--- Exercise brief ---
Using the data that follows, give again word for word the lines between the one holding "Rise From The" and the one holding "1941 Vintage New Zealand Map", inclusive. Omit the pictures.
··· Entries supplied
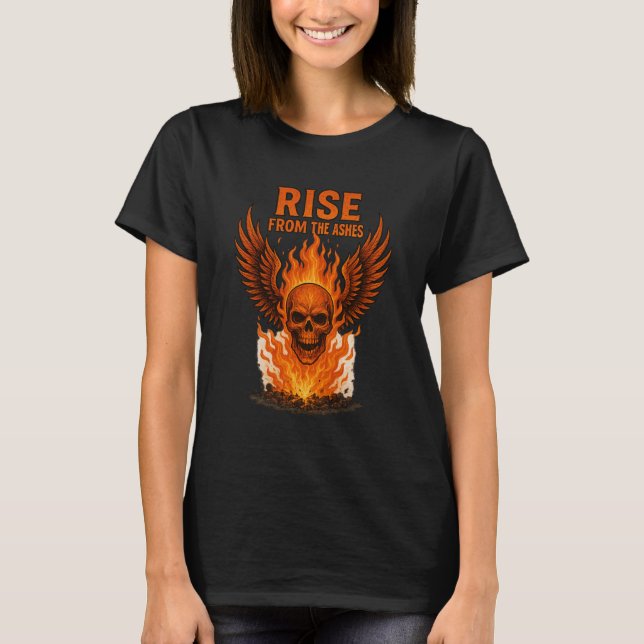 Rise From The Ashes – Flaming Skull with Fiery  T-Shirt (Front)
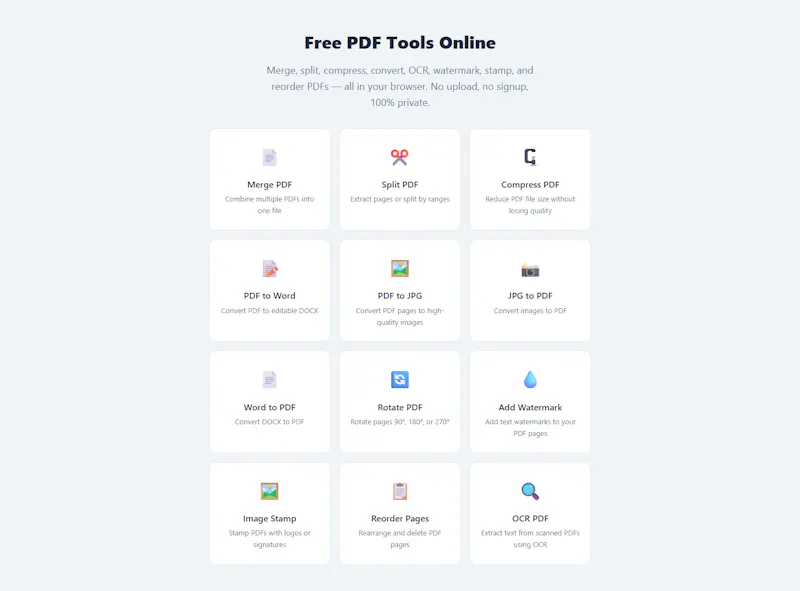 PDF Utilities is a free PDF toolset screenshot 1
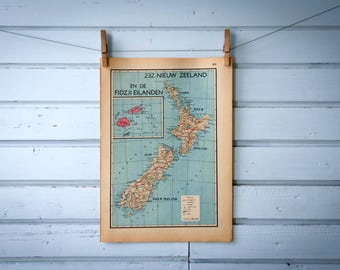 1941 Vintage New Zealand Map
······
··· Entries supplied
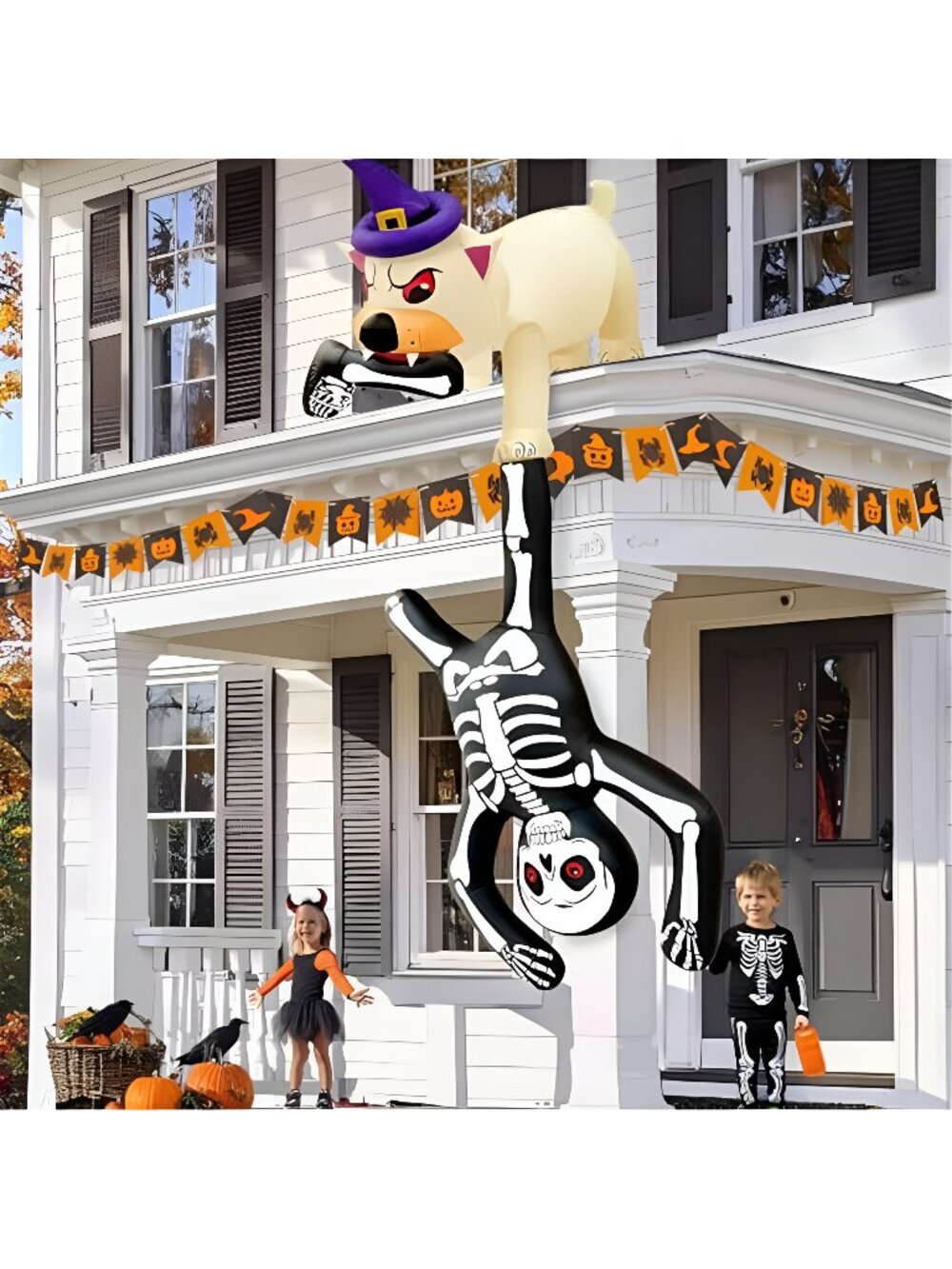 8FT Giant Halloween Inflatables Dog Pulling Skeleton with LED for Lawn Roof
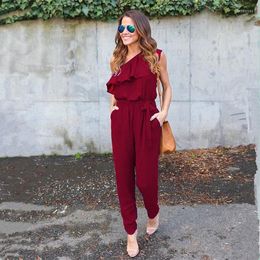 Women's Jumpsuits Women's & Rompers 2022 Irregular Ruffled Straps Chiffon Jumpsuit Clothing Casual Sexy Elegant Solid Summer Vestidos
······
--- Solution for this exercise ---
 Rise From The Ashes – Flaming Skull with Fiery  T-Shirt (Front)
 PDF Utilities is a free PDF toolset screenshot 1
 1941 Vintage New Zealand Map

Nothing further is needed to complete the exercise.